# top coat for boiled linseed oil



## ROB_IN_MN (Jul 10, 2012)

I am trying to determine how long I should wait before topcoat a walnut/maple end table I made. I cut the BLO 1 part to 2 parts of mineral spirits and then wiped it off after a few minutes.

on the can, it says I can topcoat with poly. I've read on various forums that this is a bad idea. Should I topcoat with something?

Also, how long should I wait until I put a top coat on the end table?


----------



## wapakfred (Jul 29, 2011)

With the exception of shellac, the BLO should be cured before top coating…and that may take a day or two. After that most any oil based finish will adhere to it (including the polyurethane formulas). If it's a water borne urethane, then wait 5-7 days. You can get around all of this if you put a barrier coat of dewaxed shellac (for Zinnser, this would be Seal-Coat). on the blo first. The shellac can be applied very soon after the blo sits, wit in a day or so.


----------



## dhazelton (Feb 11, 2012)

You could do more coats of oil and finish with a good paste wax as well.


----------



## CharlieM1958 (Nov 7, 2006)

There is absolutely no problem putting oil based poly over BLO. ( I doubt there is a problem with water-based poly either, but I won't comment because I haven't cone it). As far as waiting time, I would let the BLO dry for a couple of days just to be on the safe side. If it feels dry to the touch you should be fine.
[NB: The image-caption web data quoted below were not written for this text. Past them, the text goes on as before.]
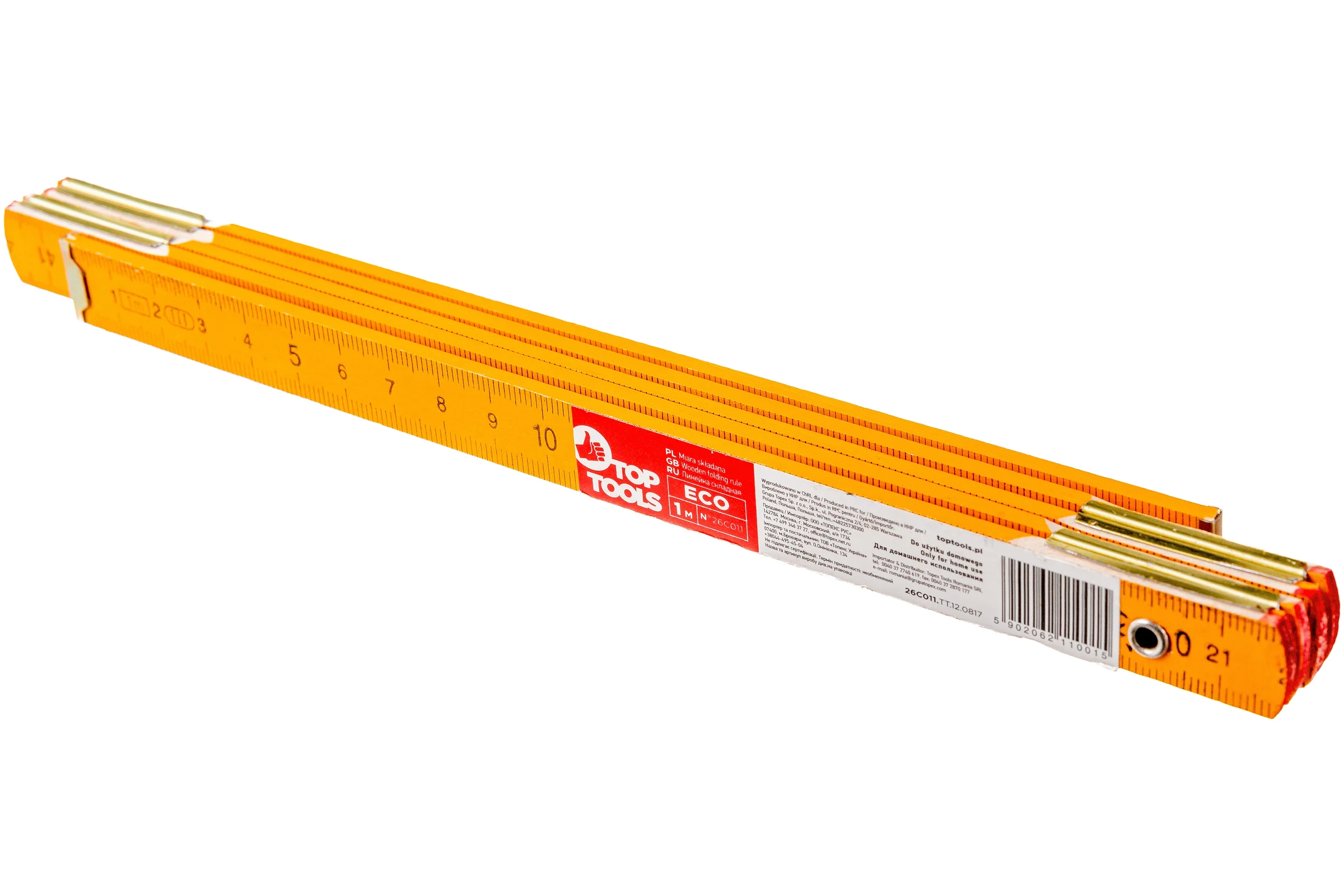 Складной деревянный метр 1 м, желтый Top Tools 26C011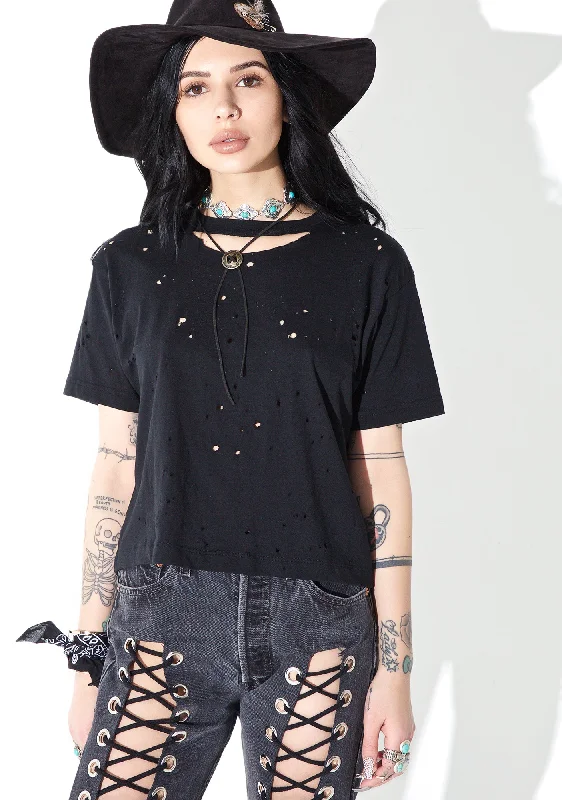 Fashion Forward Femininity Reworked Distressed Crop Tee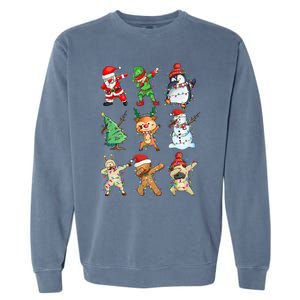 Dabbing Santa Elf Friends Christmas Garment-Dyed Sweatshirt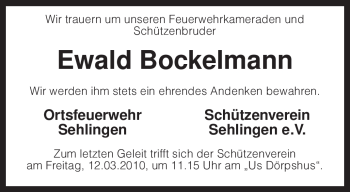 Traueranzeige von Ewald Bockelmann von KREISZEITUNG SYKE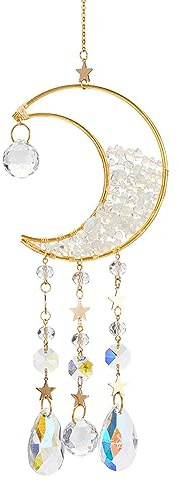 BENECREAT Atrapador de Sol de Cristal de Media Luna con Cuentas de opalita, Adornos de Prisma para Colgar en la Ventana, Atrapador de Sol de Cristal para la decoración del hogar, jardín, Oficina, Oro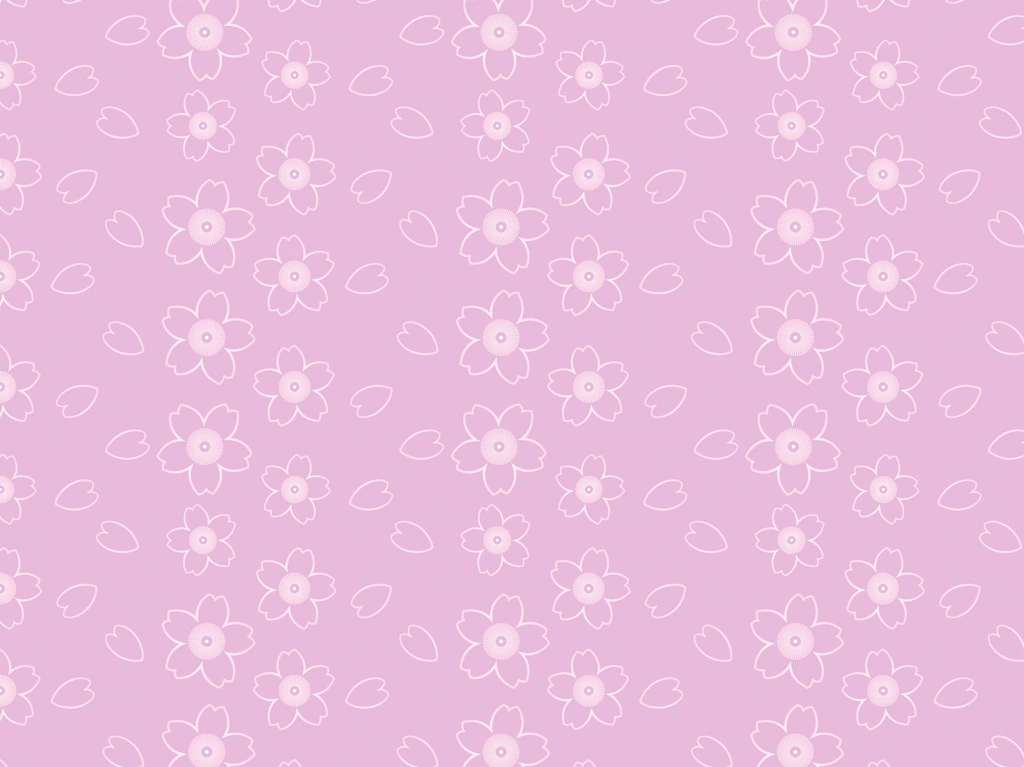 6種類の桜の花と花びらのパターン背景イラストとベクター | ピンク色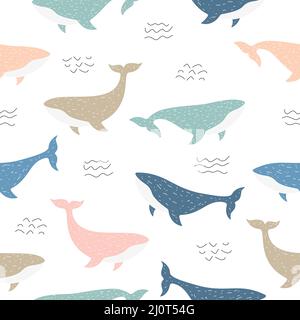 Childish seamless whales pattern. Cute kids pattern with ocean animals in Scandinavian style. Stock Vector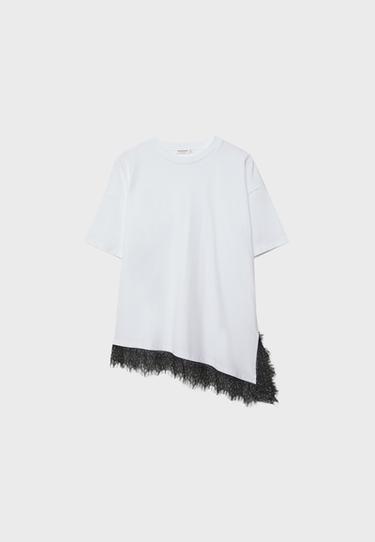 Short sleeve T-shirt with lace hem — White 7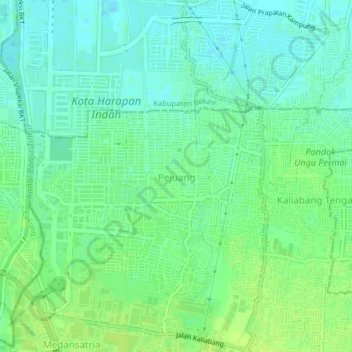 Mapa topográfico Pejuang, altitude, relevo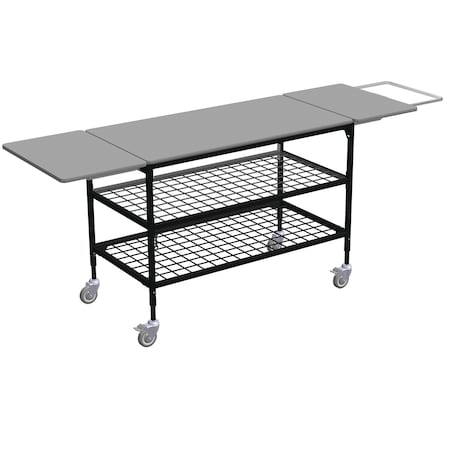 Irsg Large Table with Drop Lves, Trash Bag Holder, Mid & Btm Grid Shlf ERGO-50-K4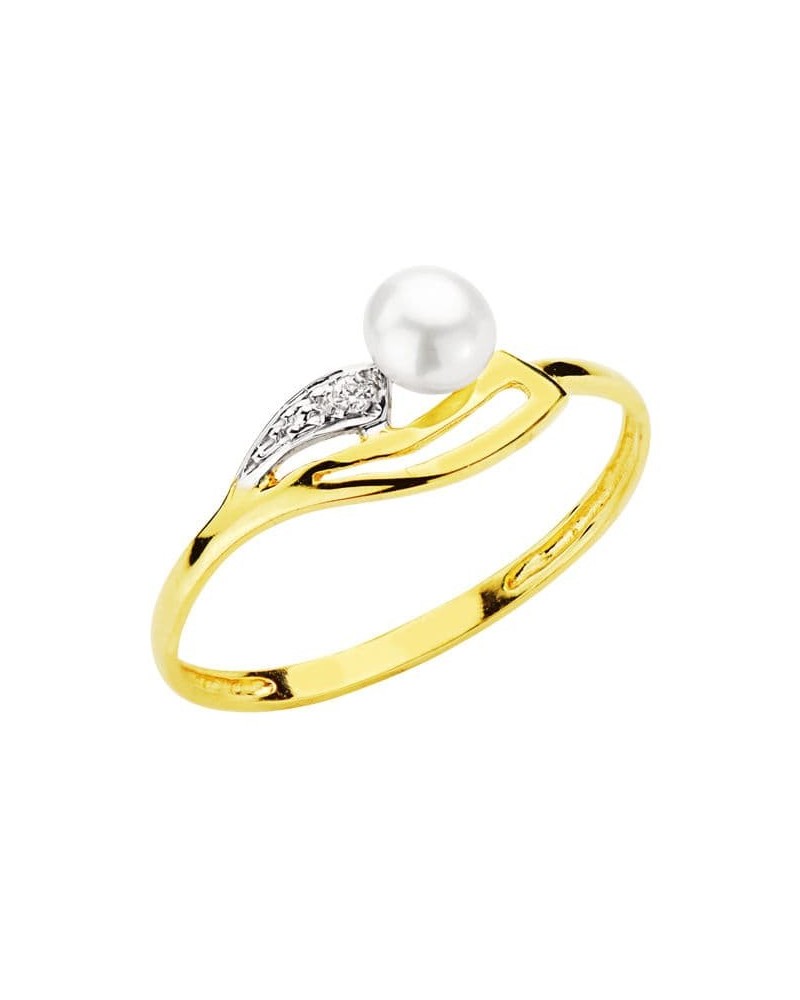 Sortija oro 18k amarillo perla circonitas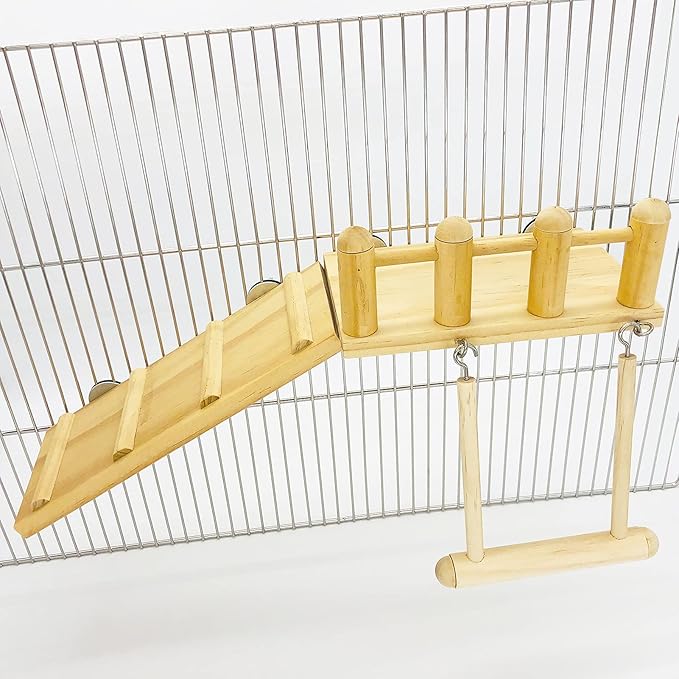 Parrot Climbing Ladder, Bird Wooden Playground with Climbing Ladder Stand, Parrot Play Stand, Bird Swing for Green Cheeks, Small Lovebirds, Goldens, Hamsters, Bird Cage Chew Toy Set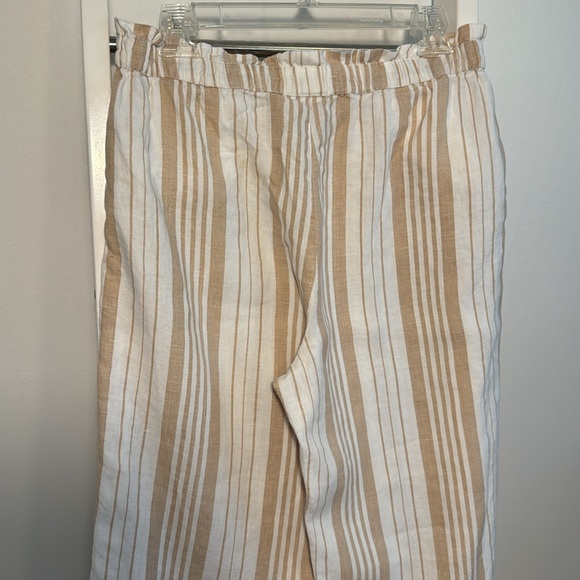 Chico’s 100% Linen Wide Leg Neutral Striped Elastic/Faux Drawstring Capris - Picture 5 of 7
If this were a strictly decorative piece, I would recommend you just finish with wax. But since BLO and wax doesn't give you very much protection for something like an end table, I think the poly top coat is a good idea.


----------



## ROB_IN_MN (Jul 10, 2012)

I ended up waiting a couple hours until after it already was dry to the touch, so I figured…what the heck. Seems to have worked fine.

thanks for the advice.


----------



## John1 (Aug 3, 2008)

I use PolyAcrylic over BLO all the time. I wait a few days to a week. I like to wait a week just to be sure.


----------